One of the most representative samples of the architectural trend that predominates in the Mexican capital during the first decade of the 20th century is the house located in Álvaro Obregón no. 99, in Colonia Roma. Built-in 1911, the elegance of its design and the grandiloquence of its proportions and ornamental resources, confirm the desire to collect everything that refers to the aristocratic, the ideology of a generation that, by recreating urban landscapes similar to the suburbs of cosmopolitans European cities, seeks to reaffirm its respectability, as well as the nobility and brilliance of its position.
Although at first the property is projected as a home for its owner and builder, Lewis Lamm, the family never lives it and the property is rented to the Marist Brothers, who transform it into the French Jalisco School for men.
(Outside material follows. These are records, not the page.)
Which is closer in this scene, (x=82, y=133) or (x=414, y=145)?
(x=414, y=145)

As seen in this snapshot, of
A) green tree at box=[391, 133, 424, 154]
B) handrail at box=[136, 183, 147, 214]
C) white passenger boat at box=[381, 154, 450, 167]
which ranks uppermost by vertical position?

Later, the house is acquired by the García Collantes family who, by inhabiting it until 1990, saves it from the indiscriminate destruction suffered by most of the buildings of the time when they fall into the hands of builders indifferent to the historical value of the architectural heritage.
To the rescue of this property with artistic value is added the importance of its new function: to house the Casa Lamm Culture Center, whose activities began in 1993 with the aim of promoting and disseminating culture, essentially through the training of professionals in the field of art and literature in response to the need to increase reflection, dialogue and discussion of current issues and promote analysis with the participation of prestigious intellectuals, academics, artists and personalities from the world of culture.